发表刊物： ACS APPLIED MATERIALS & INTERFACES

收录刊物： SCIE、EI、PubMed、Scopus

卷号： 5

期号： 21

页面范围： 11184-11193

ISSN号： 1944-8244

关键字： supercapacitors; graphene; hole; doping

摘要： One great challenge for supercapacitor is to achieve high energy capacity and fast charge/discharge rates simultaneously. Porous graphene with large surface area is a promising candidate for electrode materials of supercapacitor. Using first-principles calculations and non-equilibrium Green's function technique, we have explored the formation energies, mechanical properties, diffusion behaviors and electrical conductance of graphene sheets with various hole defects and/or nitrogen doping. Interestingly, graphene sheets with pyridinic-like holes (especially hexagonal holes) can be more easily doped with nitrogen and still retain the excellent mechanical properties of pristine graphene that is beneficial for the long cycle life. Porous graphene electrode with moderate hole diameter of 4.2-10 angstrom facilitates efficient access of electrolyte and exhibit excellent rate capability.

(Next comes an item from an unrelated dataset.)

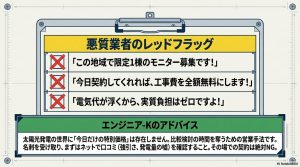 モニター募集、当日限定の無料工事、実質負担ゼロなど、太陽光発電の悪質営業マンが使う典型的なフレーズと注意喚起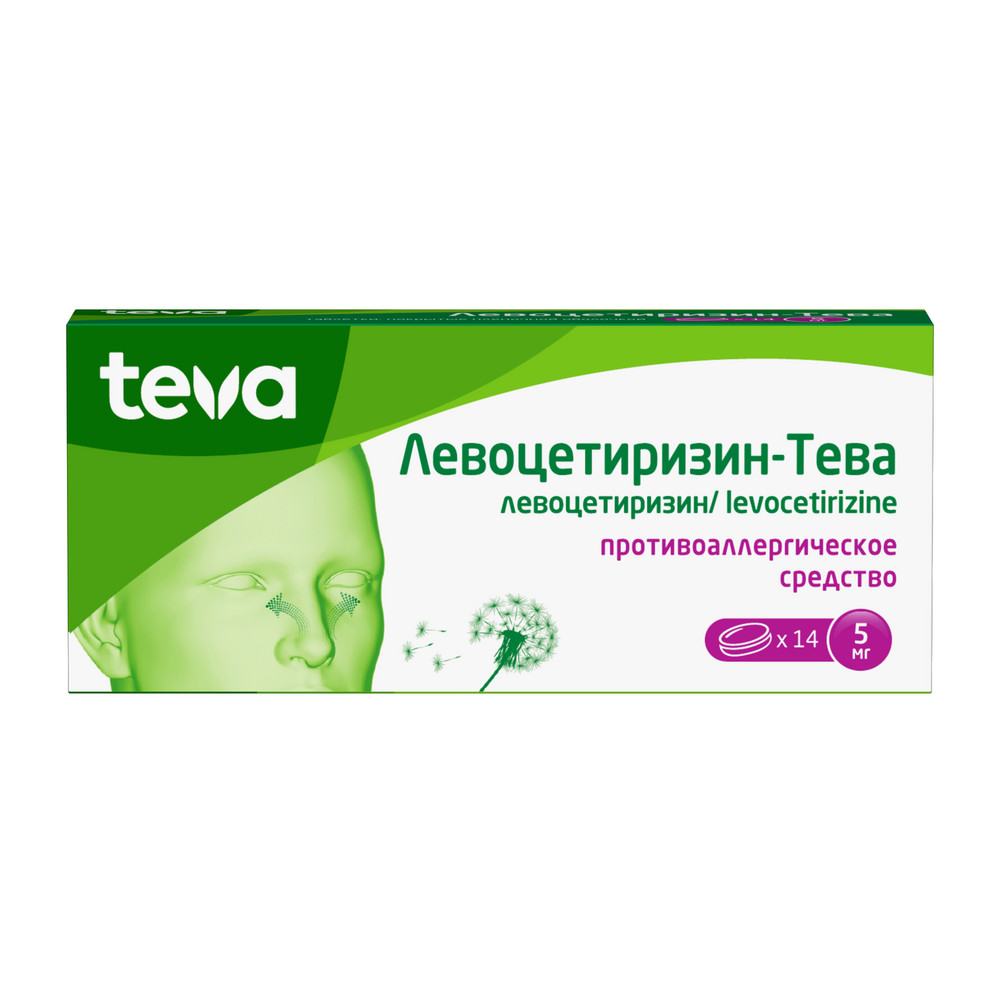 Левоцетиризин-Тева таблетки покрытые пленочной оболочкой 5 мг №14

In addition, doping with nitrogen as electron donors or proton attractors leads to charge accumulation and generates higher pseudocapacitance. Transmission coefficients of N-doped graphene sheets with pyridinic-like holes are only moderately reduced with regard to that of pristine geometry parameters. Overall, N-doped graphene with pyridinic-like holes exhibits energy storage in supercapacitor devices.